Maggot wound débridement therapy is significantly faster than conventional treatment but only during the first week, according to a recent study.
Researchers in France conducted a randomized, multicenter, controlled, prospective phase 3 trial at two hospital referral centers. Study patients — a random sampling of 119 individuals with an ankle brachial index of 0.8 or greater — each had a nonhealing, sloughy wound 40 cm² or smaller and less than 2 cm deep. Patients received either maggot débridement therapy (MDT) or conventional treatment. Conventional dressings were applied before patients were discharged after two weeks.

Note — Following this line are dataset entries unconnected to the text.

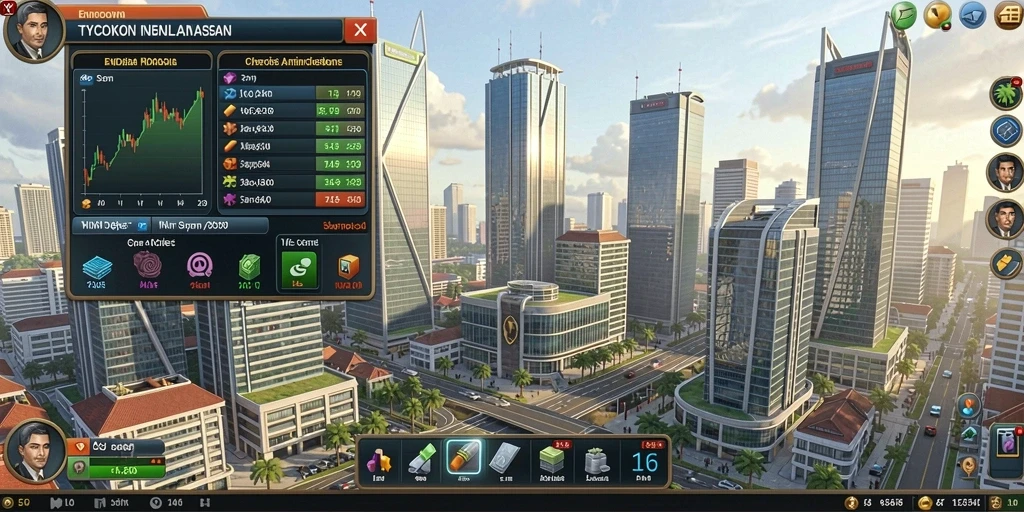 Karakter yang dapat dipilih dengan berbagai skin menarik.
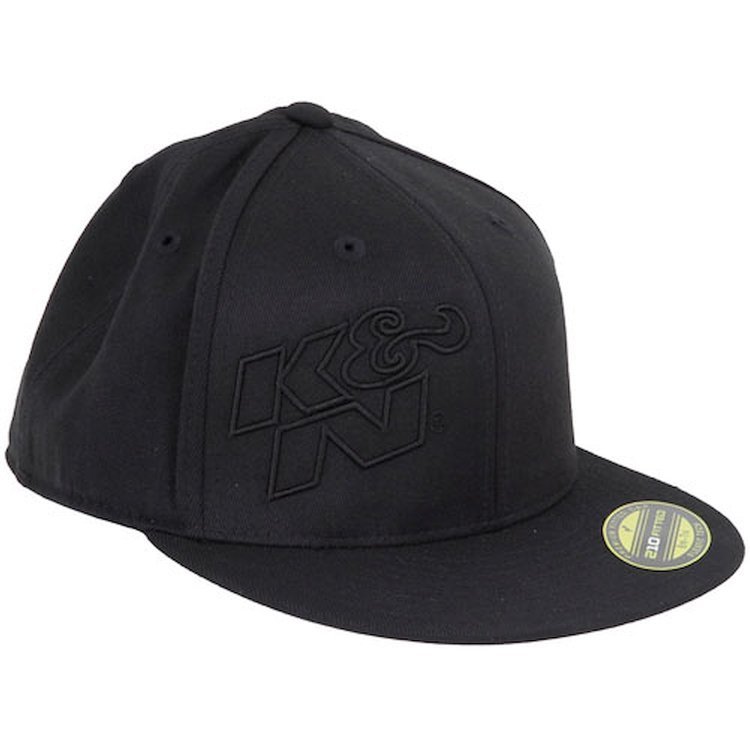Hat Inclined Black Sm/Med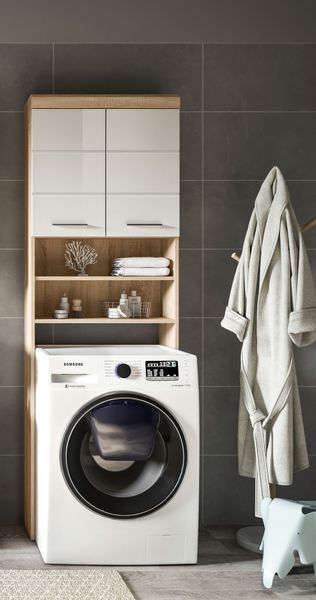 INOSIGN Waschmaschinenumbauschrank "SIENA, Breite 63cm, für Waschmaschine & günstig online kaufen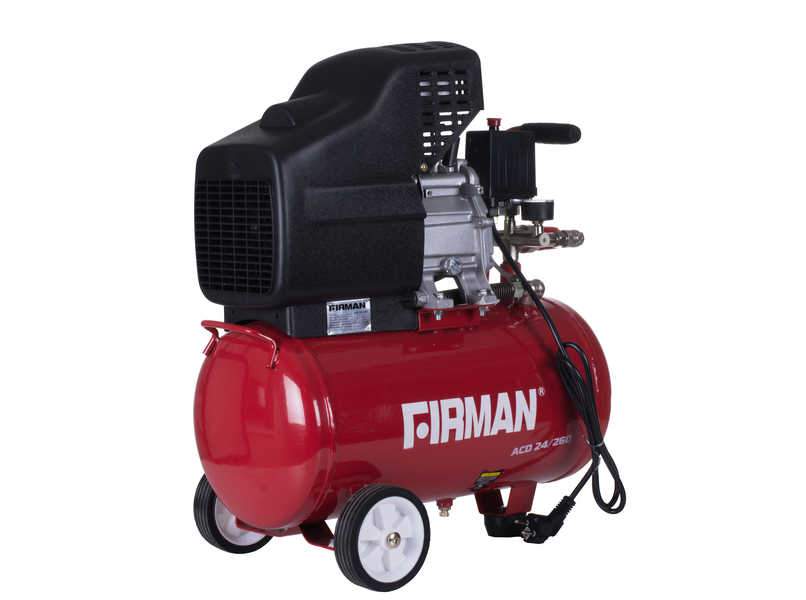 Компрессор FIRMAN  ACD-24/260 (260л/мин., 24л, 8 бар, 1,8кВт)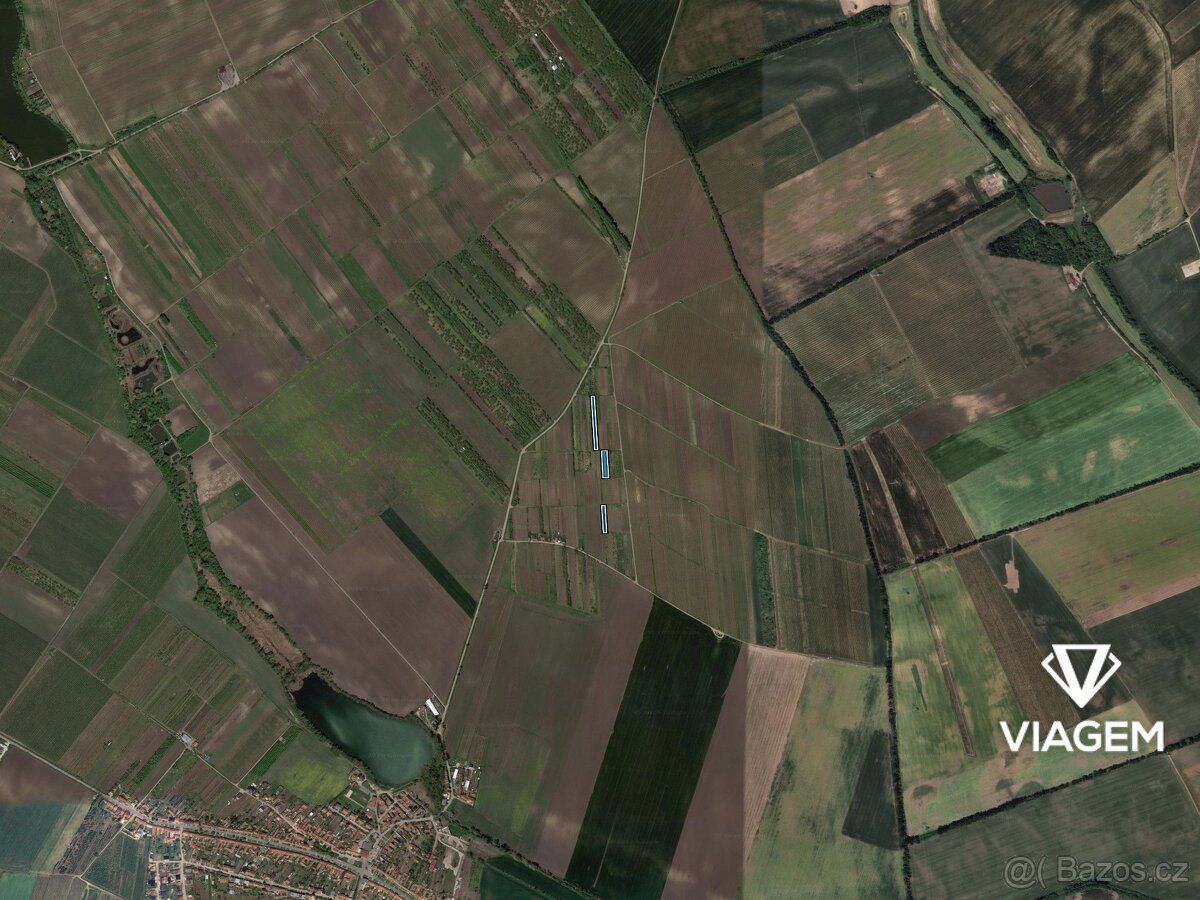 Exkluzivně Vám nabízíme vlastnický podíl 1/6 na pozemcích or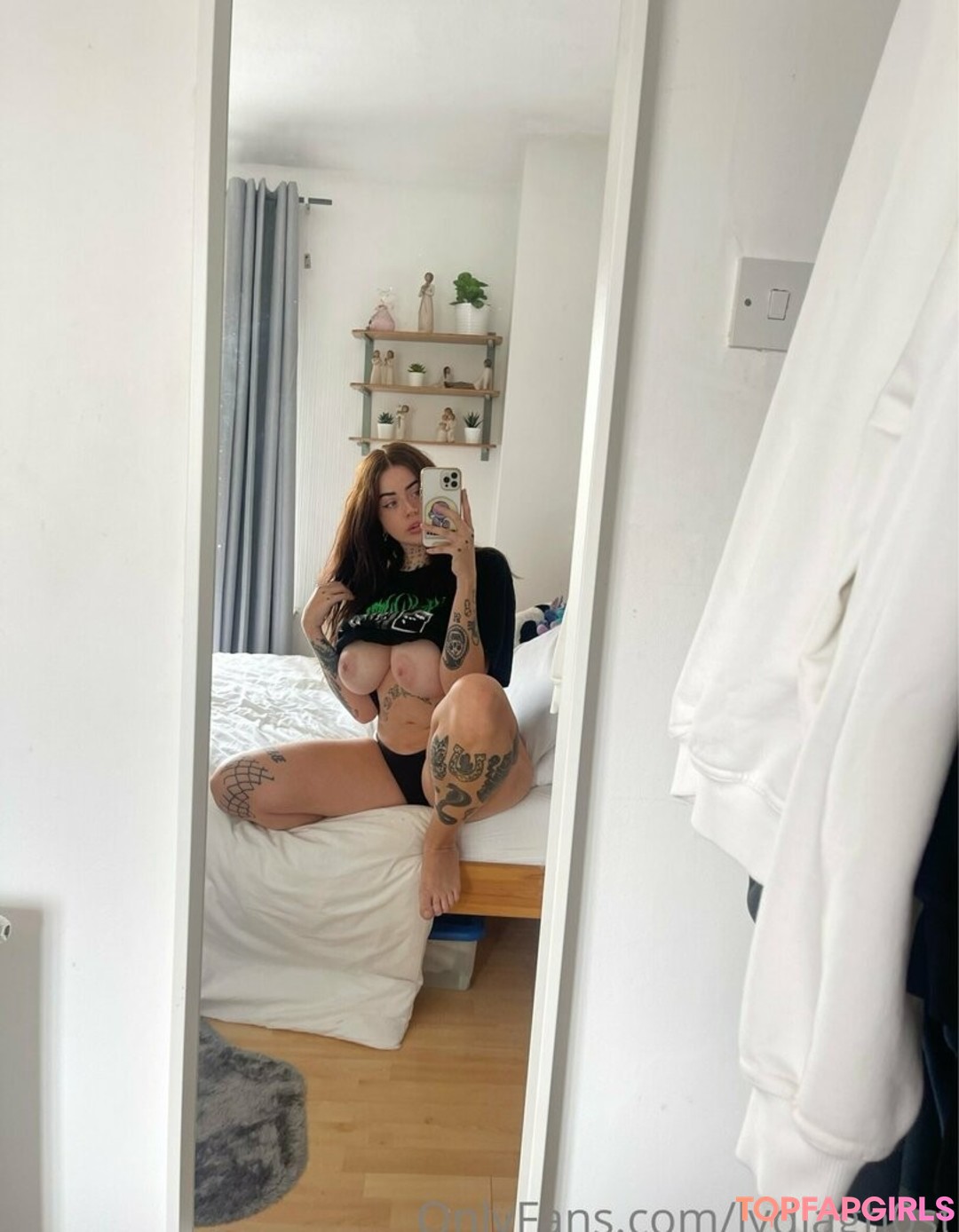 Nacktes geleaktes OnlyFans-Foto von Lydiagh0st #585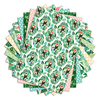 LOT 48 FS PAPIER IMPRIMÉS JUNGLE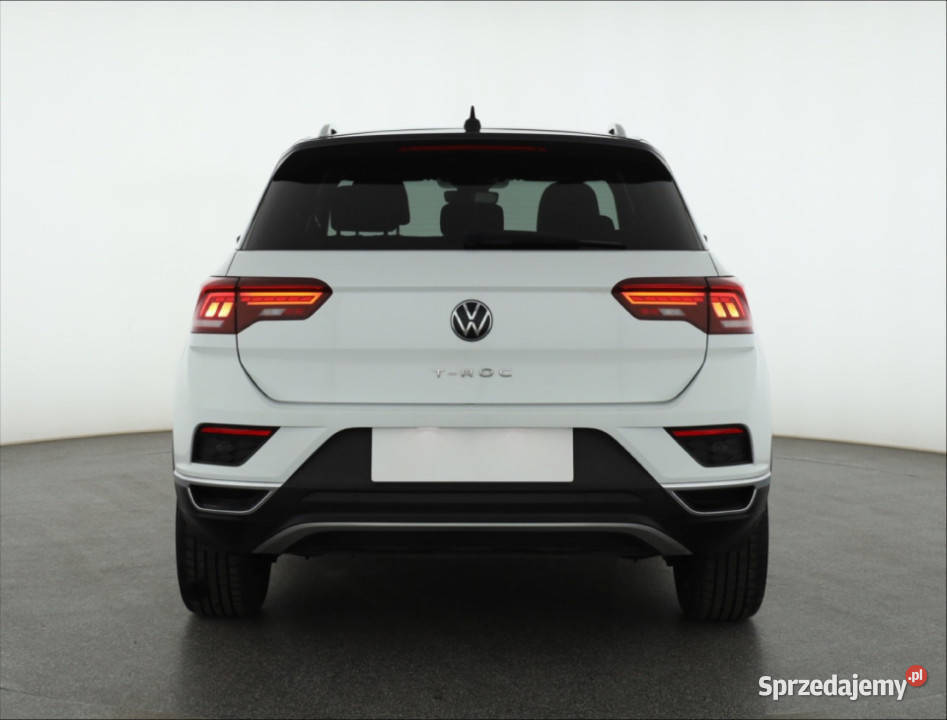 VW TRoc 15 TSI mazowieckie Piaseczno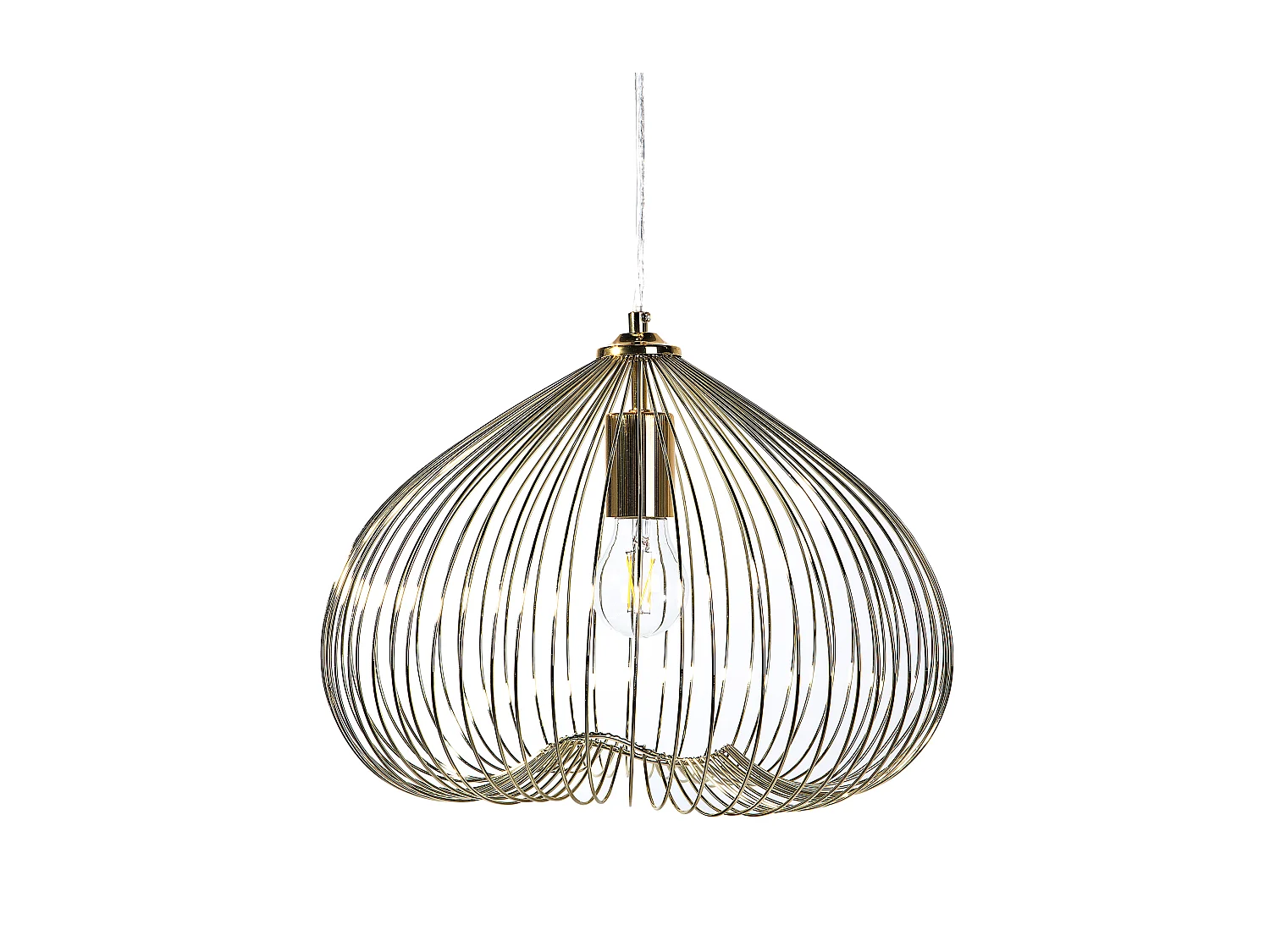 Lampa wisząca TORDINO Metal Złoty 151601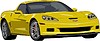 Chevrolet Corvette Z06 | Ilustración vectorial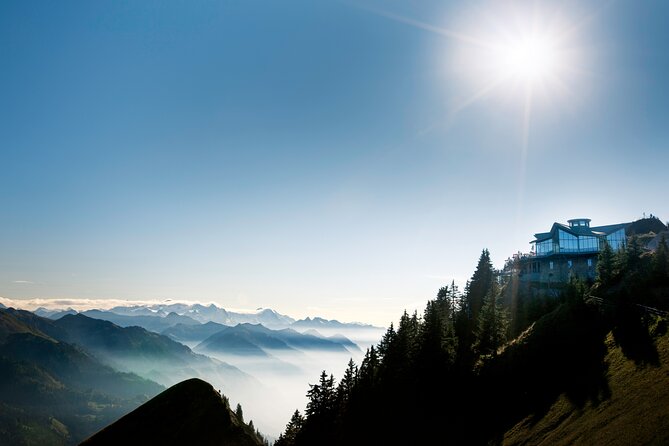 Day Trip to Lucerne and Mount Stanserhorn Including CabriO Cable Car Ride - The independent train back to Lucerne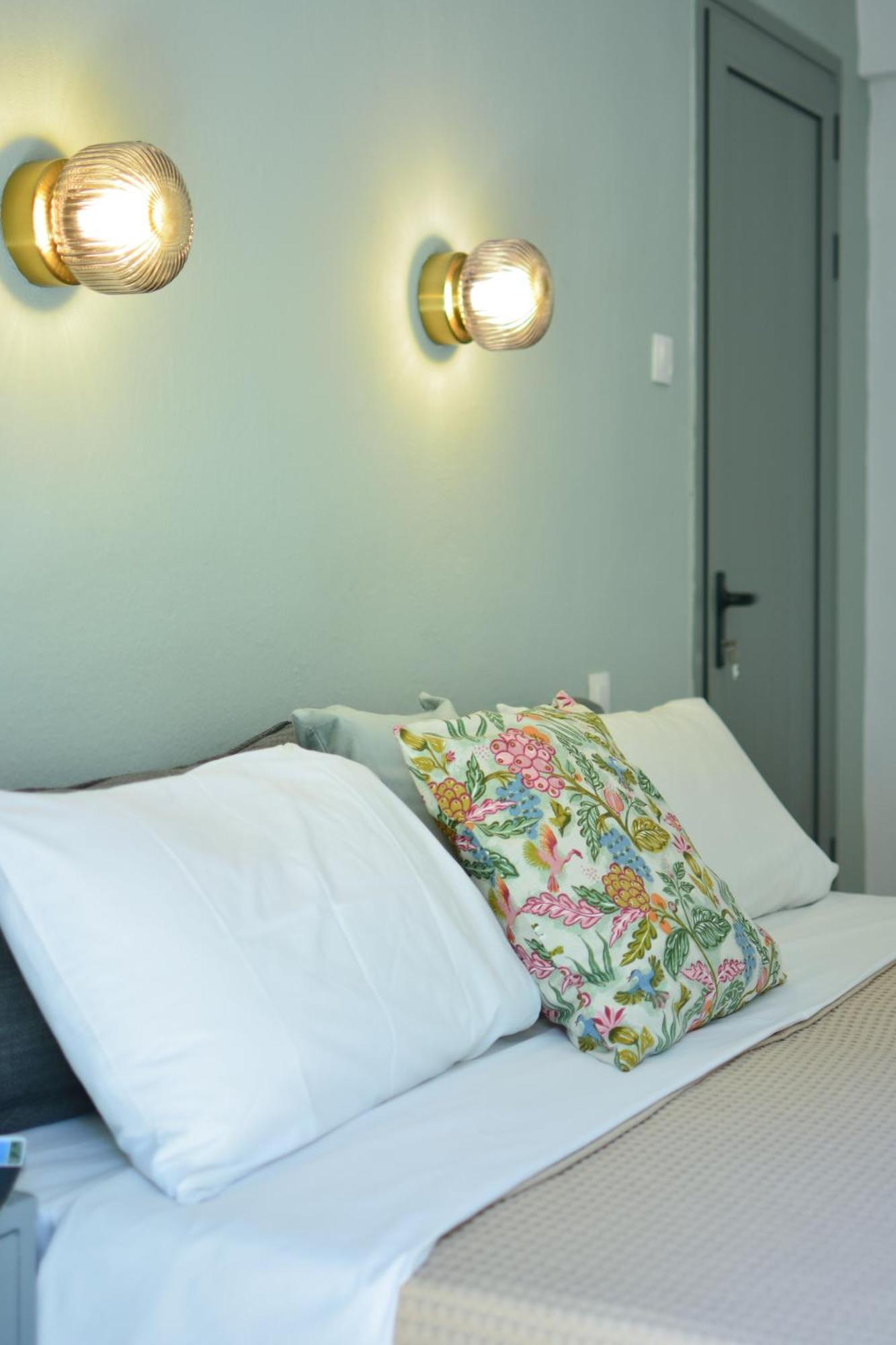 Greekowl Apartments İskados Dış mekan fotoğraf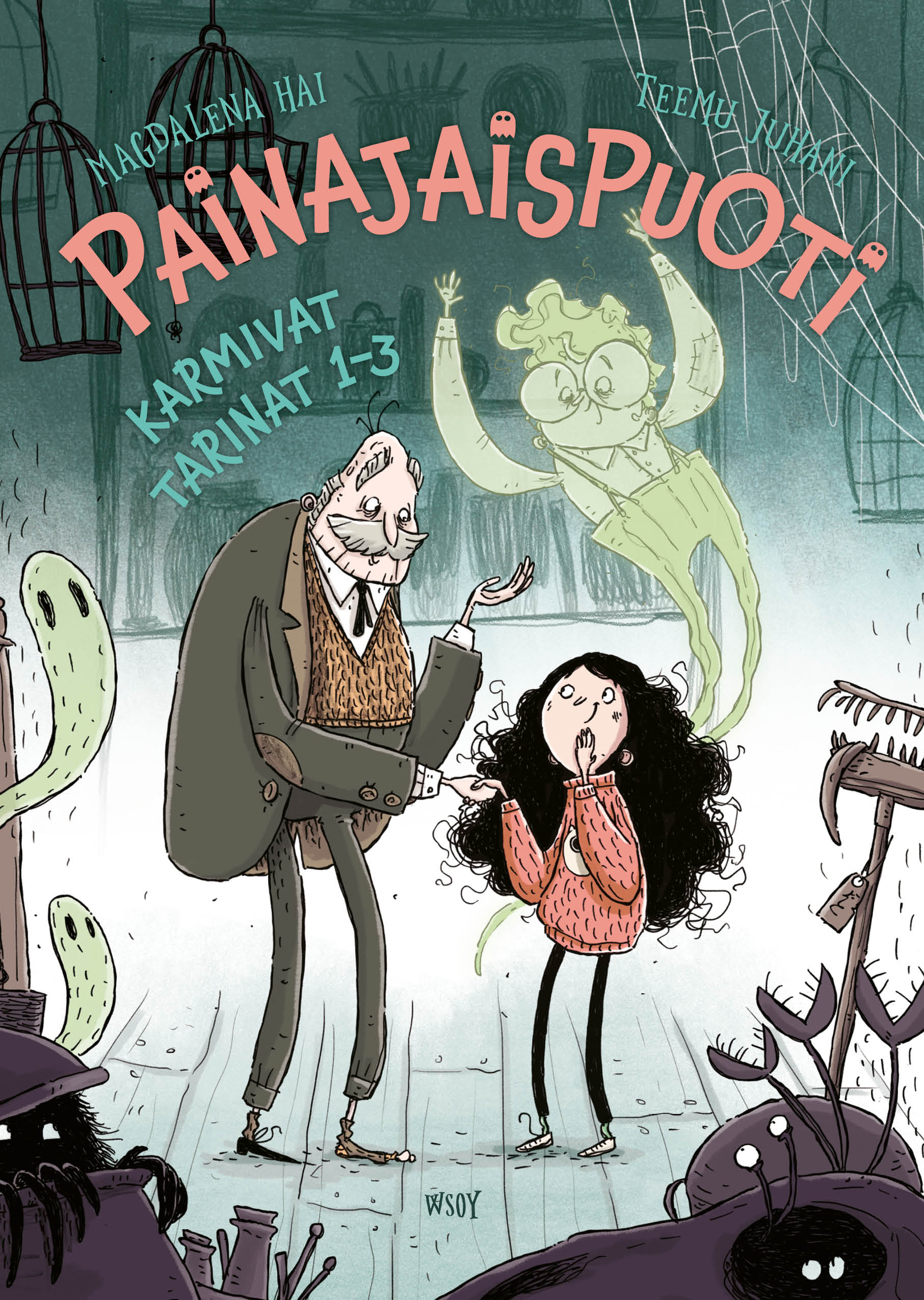 Painajaispuoti: Karmivat tarinat 1-3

The mean slough percentage was not significantly different between groups (51 received MDT and 54 received conventional treatment) at days 1, 15 and 30. But at day 8, the difference in the slough percentage was significant between the MDT and control groups (MDT, 54.5%; control, 66.5%; P=.04).
“Maggot therapy is easy, efficient and not operator dependent,” researcher Anne Dompmartin MD, PhD, of Centre Hospitalier Universitaire de Caen, Caen, France, told Healio.com. “And wound care takes less time than nurse débridement.”
The researchers said further studies are needed to determine if débridement could be improved by using more maggots in the dressing and whether those dressings would be more painful to patients. They also noted that because there is no benefit in continuing the treatment after 1 week, another type of dressing should be used after two or three applications of MDT.
“Contrary to in vitro studies, [MDT] has no effect on wound closure,” Dompmartin told Healio.com. “The patients accepted this treatment very well and were not disgusted at all.”
The FDA approved medical maggots in 2004 as a device prescribed by physicians.